What should you do before leaving your job?

  • Identify what’s not going well in the job to make sure that you don’t transfer the problem to another area. Otherwise, there is a risk that the issue will reoccur.

  • Consider your manager’s opinion, how you’re performing (well or poorly), what you can improve on in your current role. Resolve contentious issues with colleagues if possible.

  • Review the risks and opportunities of staying versus leaving. Avoid job hopping (short contracts) if possible, make sure you’re the right match for next organisation.

  • Ensure, if possible, that you have another role to go to before leaving.


How do you have the conversation with your manager that you’ve decided to leave?

  • Prepare the conversation that you’ll have with your manager/employer before you hand in your notice. Many people find it tricky to have these direct conversations - they can be difficult or awkward for us.

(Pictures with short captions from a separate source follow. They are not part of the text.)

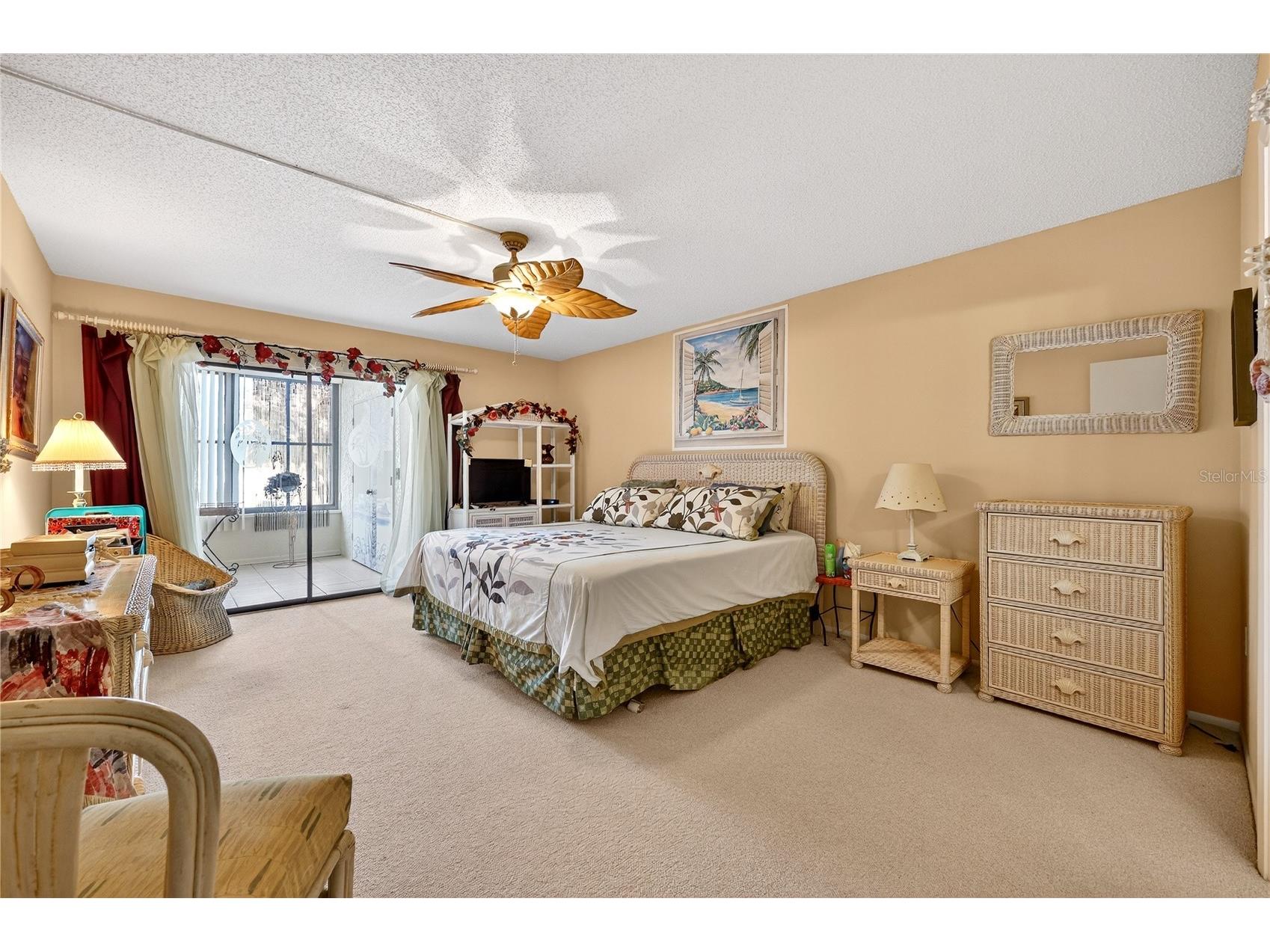 521 Lakeside Drive #521 Bradenton FL 34210 A4682844 image24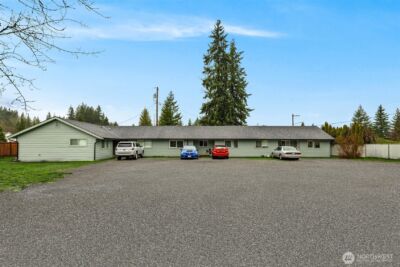 1015 Madison Avenue , Darrington, WA 98241 - Photo 18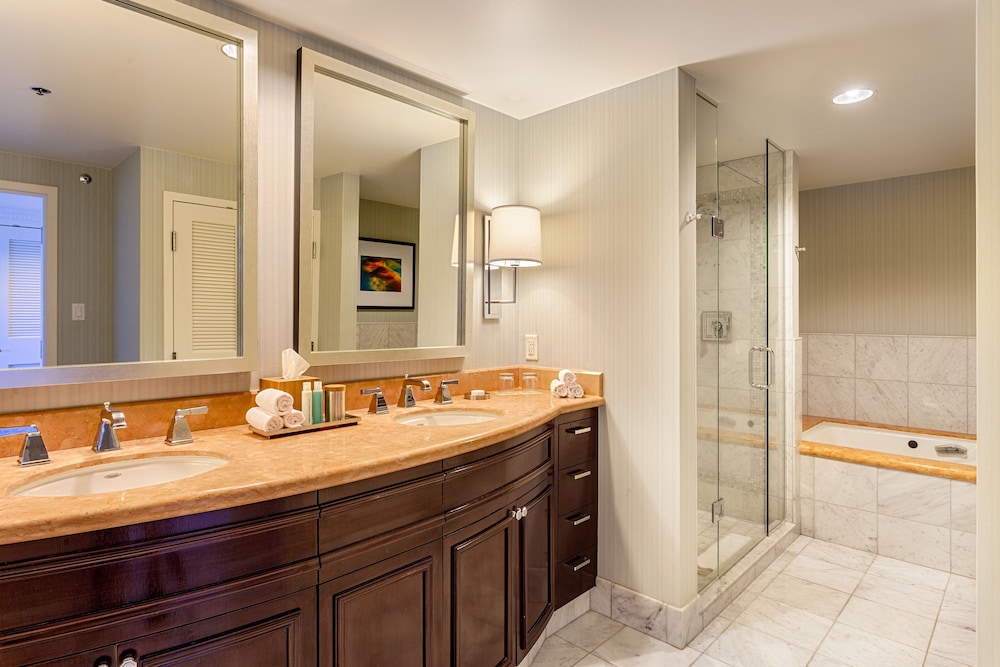 Loews Coronado Bay Resort - photo 42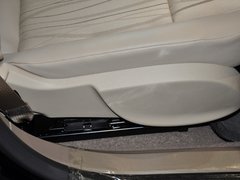 2013款 GT 1.6L 手动 舒适型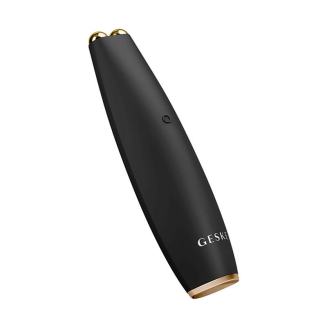 Urządzenie do mikroprądowego liftingu twarzy 6w1 Geske z Aplikacją (szary) - 5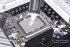 Alphacool Subzero Thermal grease 20g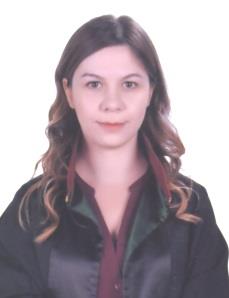 Av. Nefne Gül Atik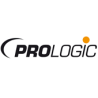 Prologic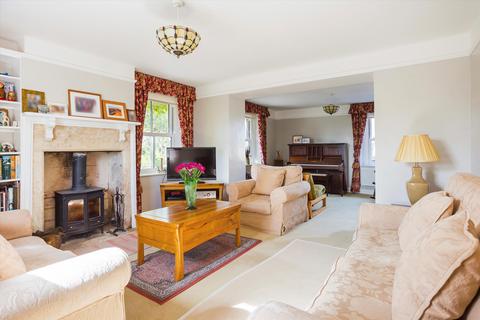 4 bedroom village house for sale, Bath Road, Atworth, Melksham, Wiltshire, SN12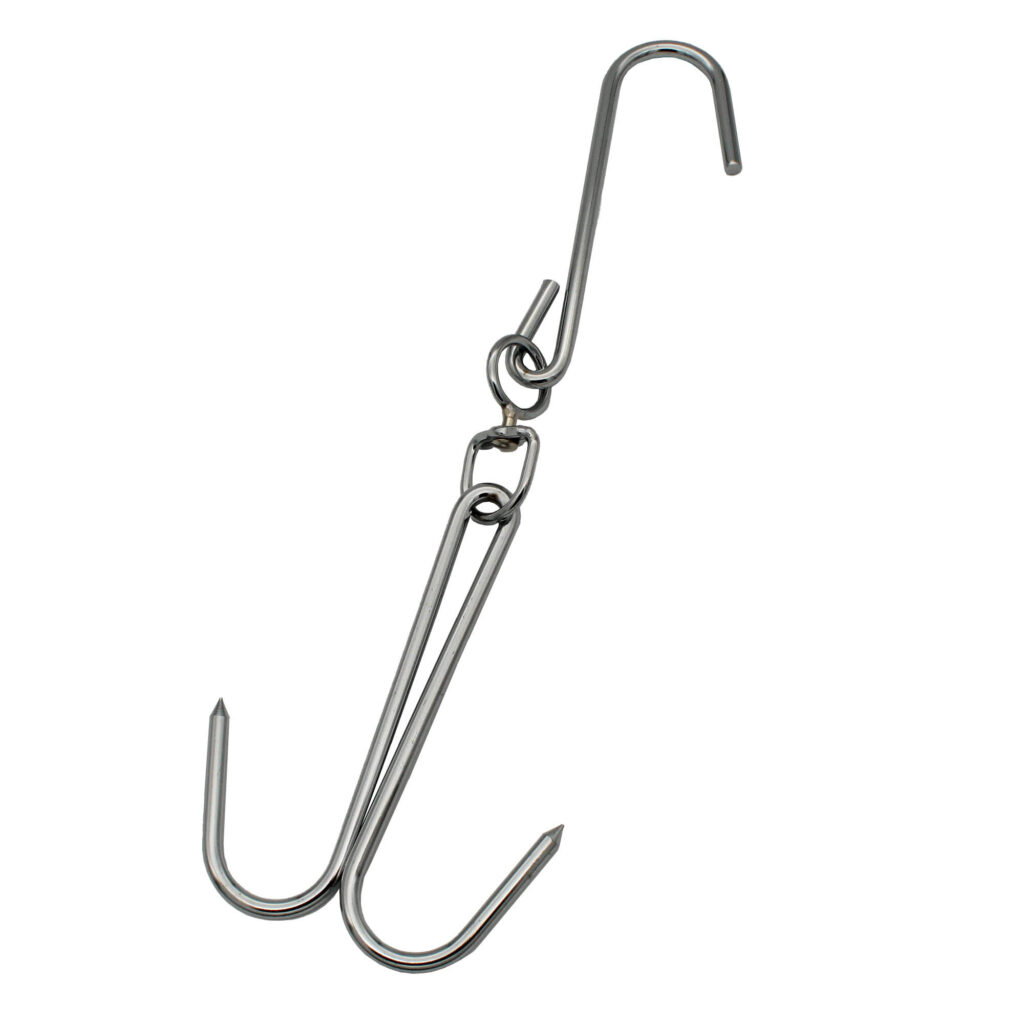 ΤΣΙΓΓΕΛΙΑ ΔΙΠΛΑ ΜΕΓΑΛΑ (18.5cm)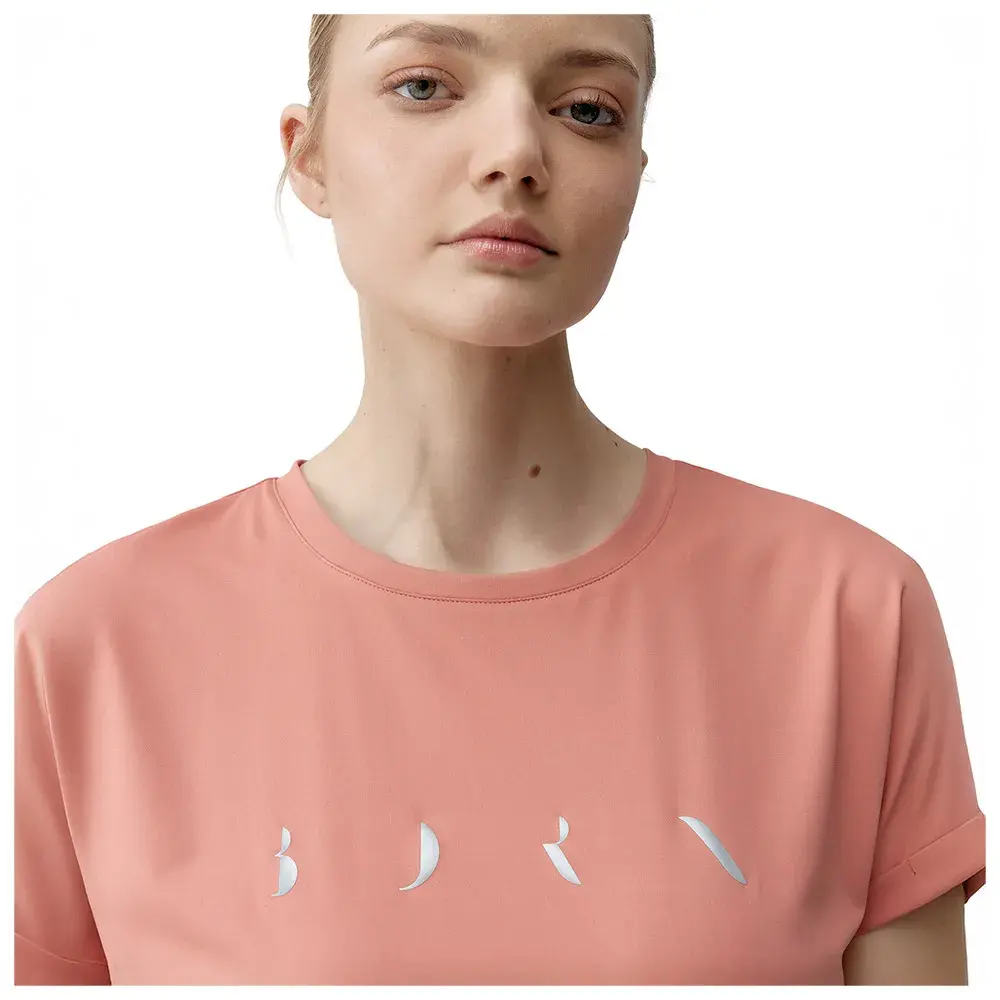 born-living-yoga-azami-t-shirt-met-korte-mouwen (8).webp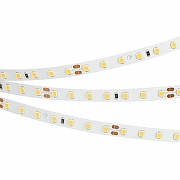 Светодиодная лента Arlight RT открытая 027937(2) IP 20-2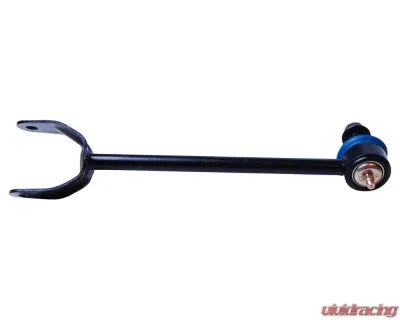 Mevotech Supreme Stabilizer Bar Link Kit Lexus Rear Right - MS86861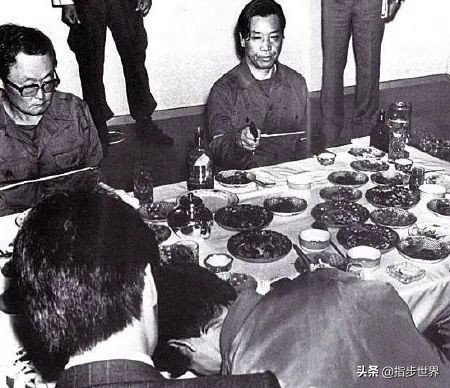 昆池岩真实事件原型是什么 揭秘1979昆池岩真实事件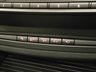 USED 2012 61 BMW X5 M 4.4i V8 SUV 5dr Petrol Steptronic xDrive Euro 5 (555 ps) 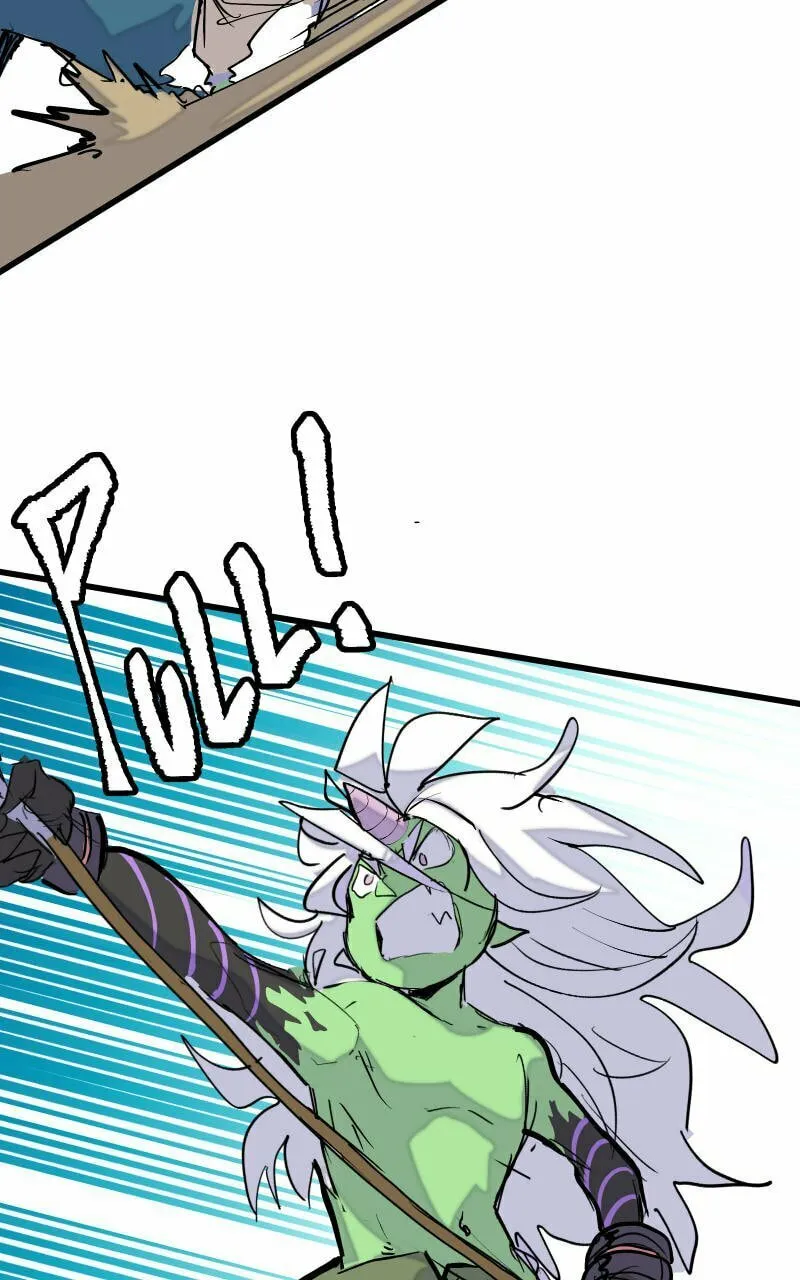 Just a Goblin Chapter 65 page 124 - 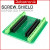Screw Expansion   RM9.99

  • The important thing is to be firm but polite and clear on your decision. You can’t allow there to be wiggle room.

    • Be gracious - thank them for the job, the opportunities, training, guidance or support that they’ve given you.

    • Tell them “I’ve been thinking about this role a lot recently, and I’ve decided it’s time for me to move on”. Tell them you’re going to another position rather than leaving your current position.

    • If they ask you to stay and you don’t want to stay “thank you for the offer. This hasn’t been any easy decision for me to make, but I believe the best thing for both the company and myself, is that I take on a new opportunity”.

    • If they say you’ve put them in a difficult position. Acknowledge that they have a difficult job to fill your position, and while you would like to help, you don’t think it would be the most responsible thing to do considering your head/heart isn’t in the role anymore.

    • Make sure to not add too much extra information for someone to quiz you on and end the conversation by thanking them and telling them that you’ll do what you can to ensure there is a smooth transition for the next employee.

 What should you do when going to your next position? 

  • Have a good story for why you left (be positive, be gracious, and be clear), but don’t over elaborate on what happened. That may lead you into being asked difficult questions.

  • Tell them how you benefited from the position, what you achieved and what your responsibilities were.

  • Even if it was a nightmare situation, highlight what you learned from it: I learned a lot about communication, I developed my interpersonal skills and I developed my ability to manage competing priorities.